1 – Du monde
Il est si taiseux que c’en est éloquent
Il est si versatile qu’il se perd dans ses désirs
2 – Le réel
C’était son anniversaire, alors je l’ai appelée, comme chaque année. Elle m’a raconté sa sensation du vieillissement. Elle disait que chaque jour elle oubliait, que chaque matin au réveil l’image que lui renvoyait le miroir la surprenait, qu’elle s’était réveillée trentenaire et se voyait septuagénaire -sans comprendre – que chaque jour il lui fallait le même temps d’adaptation à ce nouveau Elle, chaque jour elle savait qu’il lui fallait se préparer à ce que le Elle du miroir continue d’évoluer pendant que le Elle du sommeil restait installé dans une vie où tous ses amis étaient vivants et en bonne santé, où ses jambes la portaient, légère et mobile, où elle dansait, chantait, courait, où sa mémoire était fidèle et précise, où le souvenir lui importait moins que le jour à vivre.

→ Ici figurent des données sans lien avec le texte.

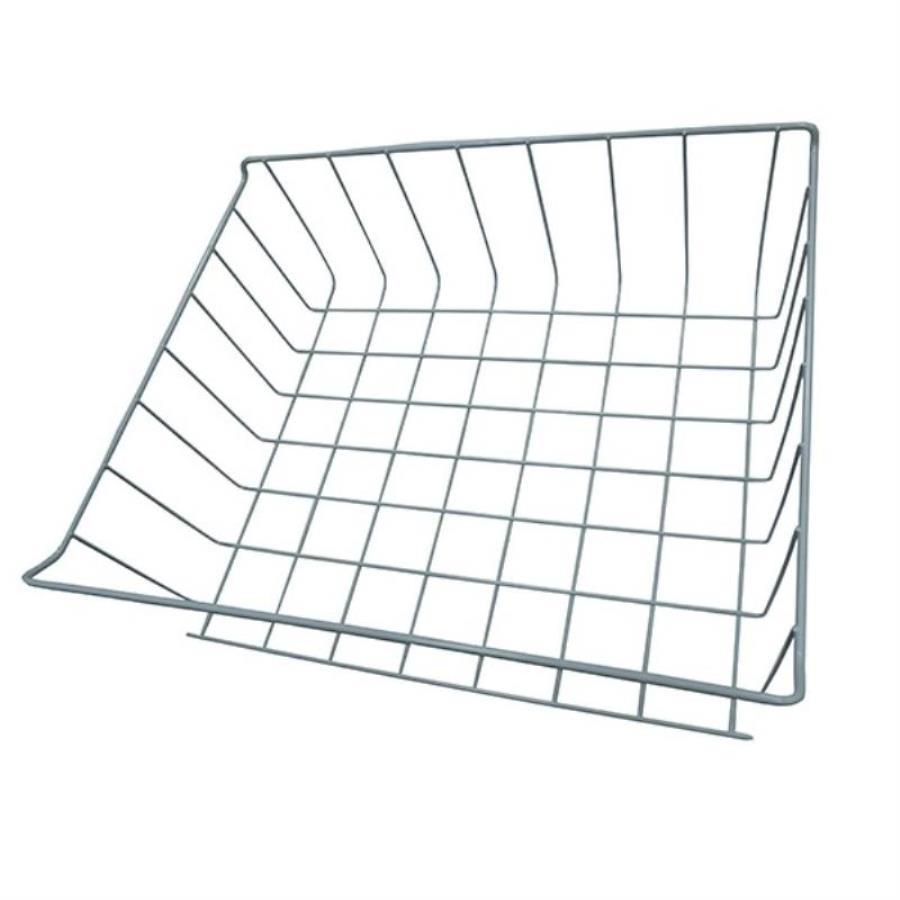 картинка Atlant 769748300300 (202010406000) корзина морозильной камеры для холодильника Атлант, Минск от магазина Интерком-НН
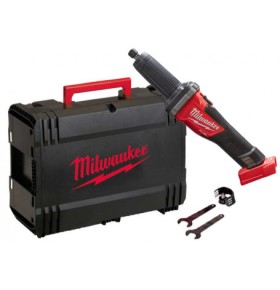 Smerigliatrice diritta M18 Fuel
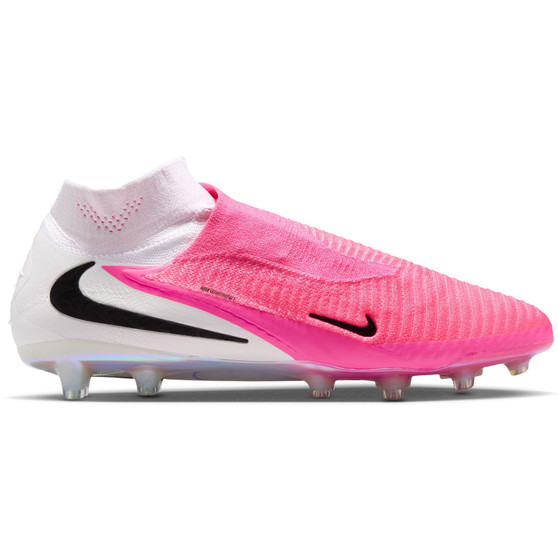 Nike Phantom 6 High Elite AG-Pro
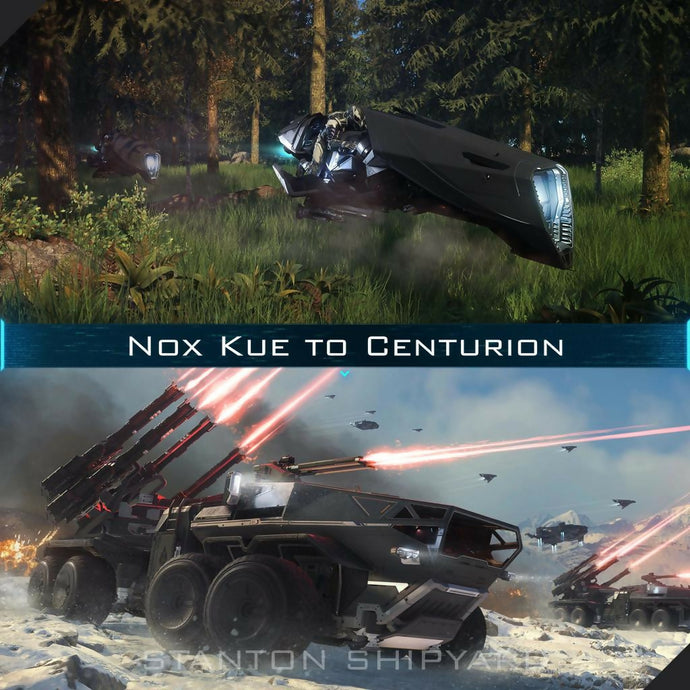 Nox-Kue-to-Centurion
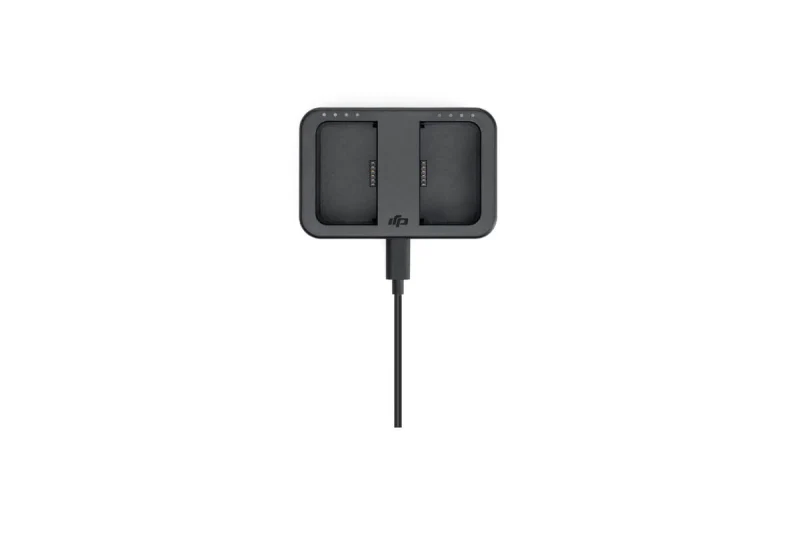 DJI WB37 Hub de Charge (USB-C) (WCH3)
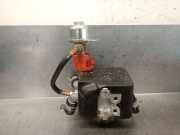 Kraftstoffpumpe 163103150R Dacia Duster (SR) SUV 1.0 TCE 12V LPG (H4D-470(H4D-E4))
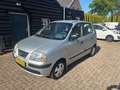 Hyundai Atos 1.1i Active Cool AIRCO Grau - thumbnail 4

Elle disait aussi que ce Elle du miroir la regardait goguenard, voilà ce que tu es devenue ma belle, ce que tu es maintenant, et ça c’était vrai.
3 – Faire comme si
Tu faisais comme si cette montagne que tu convoitais, ce sommet qu’on disait inatteignable, était le tien, que tu l’atteindrais, toi, l’aguerri, l’expérimenté, tu faisais comme si c’était pour toi le couronnement d’une carrière au long cours, d’une succession d’efforts, de performances, de découvertes, de moments où tu avais partagé avec d’autres ce truc là que tu aimais, adorais même, tu faisais comme si tout le monde pouvait comprendre, comme si tous pourraient te suivre, s’enthousiasmer à ton image, tu faisais comme si cette montagne là serait toujours là pour toi, qu’elle n’attendait que ton exploit, tu faisais comme si tu ne savais pas, tu ne voulais pas savoir que tout avait changé, que la montagne ne tenait plus qu’à quelques fils invisibles qui allaient inévitablement se rompre, tu faisais comme si et tes pieds ont ce jour là rompu les derniers fils et la roche t’a entraîné, tout au fond.
4 – De soi-même
J’écrivais souvent en marchant… je vous l’accorde, ce n’est pas des plus commodes. Il fallait s’arrêter, sortir un carnet soigneusement prévu à proximité, ne pas avoir oublié le crayon. Quasi impossible. Ça coupe l’élan, ça oblige à des arrêts répétés, muscles qui se refroidissent et menacent courbatures pour le lendemain. S’il ne faisait pas très beau, on se mettait à sentir une fraîcheur inopportune, la transpiration jouant son rôle de climatiseur là où on ne lui avait rien demandé. Alors, je travaillais ma mémoire, je me donnais des trucs mnémotechniques, j’associais à des visions, des images même si ce n’est pas ce qui se grave le plus facilement dans un cerveau vieillissant.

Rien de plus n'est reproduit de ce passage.